Didier Défago im Temporausch: «Ich liebe die Streif.»

Keystone

Der Abschied fällt selten leicht und wenn die Abschiedstournee einen ganzen Winter dauert, bleibt viel Zeit für Wehmut. Didier Défago kennt das Gefühl. Ende Saison beendet der 37-Jährige seine Karriere. Zuvor fährt er noch die Rennen – mit Ambitionen. Die Wehmut kommt erst, wenn er im Auto sitzt und eine weitere Weltcupstation hinter sich lässt. Heute nach der Abfahrt ist es wieder so weit: Kitzbühel ist für ihn vorbei.

«Der Abschied ist überall speziell, aber Kitzbühel werde ich am meisten vermissen», sagt Défago. «Ich liebe diese Piste und darum wird sie mir am meisten fehlen.» Die schwierigste Piste im Weltcup lässt keinen Kalt. Angst habe er gehabt beim ersten Mal, sagt Défago. Und damit ging es ihm wie fast allen. Rekordsieger Didier Cuche wollte bei seiner Premiere das Starthaus am liebsten wieder durch die Hintertür verlassen.

Angst lähmt. Liebe löst. Das ist wohl das Rezept, um in Kitzbühel erfolgreich zu sein. Didier Cuche sagte einst: «Die Streif ist meine grosse Liebe.» Zweimal Didier, eine Aussage. Cuche hat fünfmal die Abfahrt gewonnen und einmal den Super-G. Défago hat in beiden Rennen je einmal triumphiert. Nur die Liebe kann die Angst bezwingen.

Paris gewinnt den Super-G

Der Italiener Dominik Paris hat gestern den Super-G gewonnen. Vor zwei Jahren war der 25-Jährige in der Abfahrt erfolgreich. Auch er sagt: «Ich mag diesen Hang, und er mag mich. Darum läuft es hier so gut.» Es ist vielleicht eine Erklärung, warum die Podestplätze in Kitzbühel oft von den gleichen Athleten besetzt werden. Liebe gibt Vertrauen.

Vorjahressieger Hannes Reichelt, auch 2013 auf dem Podest, sagt: «Wenn man mit Freude anreist, die Form stimmt und man mit Selbstbewusstsein startet, lässt sich die Piste viel leichter bezwingen.» Didier Cuche sagte einst: «Nach Kitzbühel zurückzukehren, ist wie, wenn man seine Freundin lange nicht gesehen hat und sie wieder in die Arme nehmen kann.» Es ist ein Gefühl der Vertrautheit, das sofort wieder da ist und Sicherheit gibt.
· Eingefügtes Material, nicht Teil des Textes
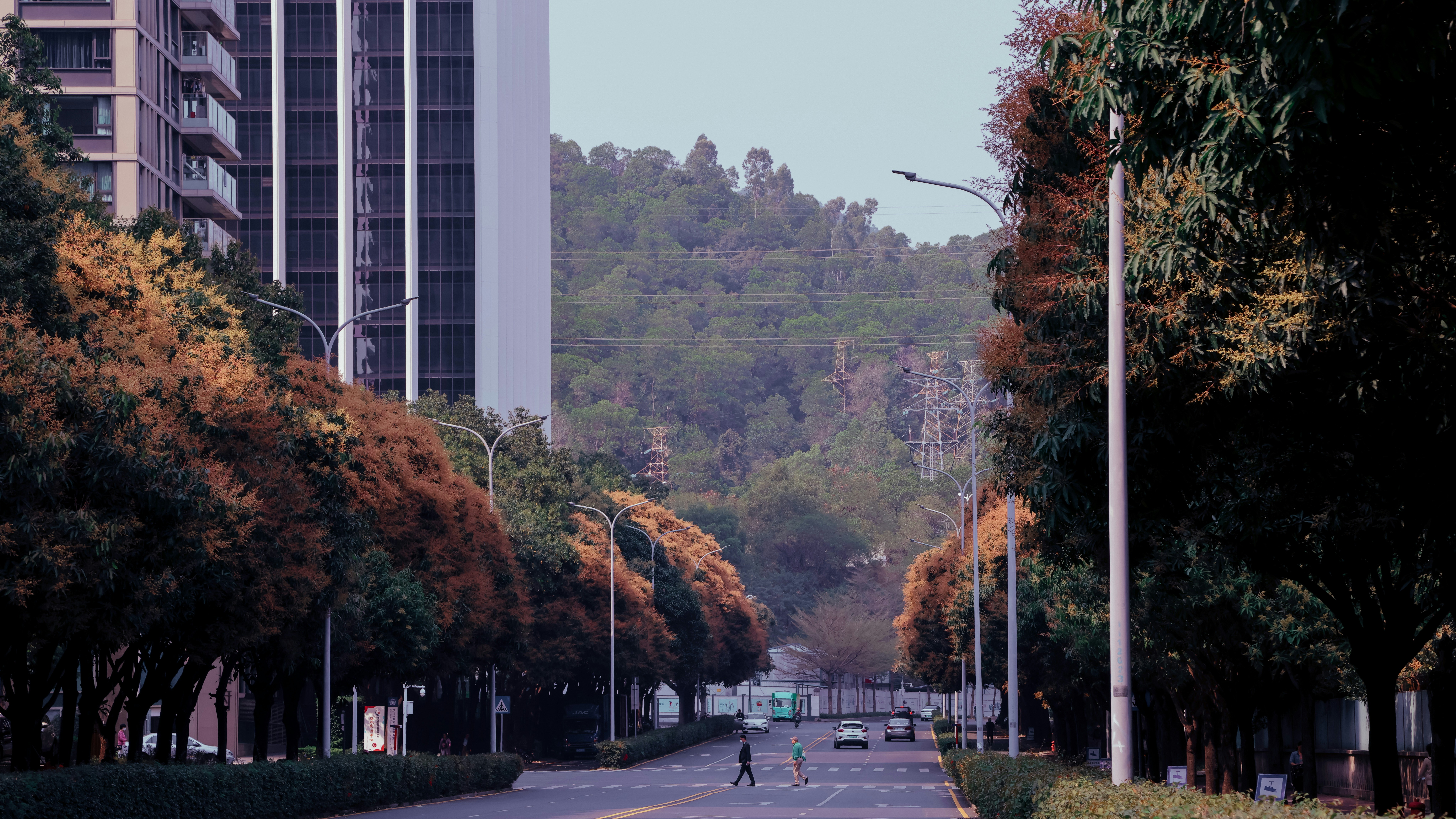 Photo by dickenslin76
Die Favoriten für die heutige Abfahrt kennen fast alle dieses Gefühl. Von Reichelt bis Paris, über den Österreicher Matthias Mayer, der gestern im Super-G vor seinem Landsmann Georg Streitberger Rang zwei belegte. Sie alle standen in Kitzbühel zuvor schon mindestens einmal auf dem Podest, wie auch Christof Innerhofer oder Adrian Théaux. Die Ausnahme ist Kjetil Jansrud, der noch nie besser als Vierter war.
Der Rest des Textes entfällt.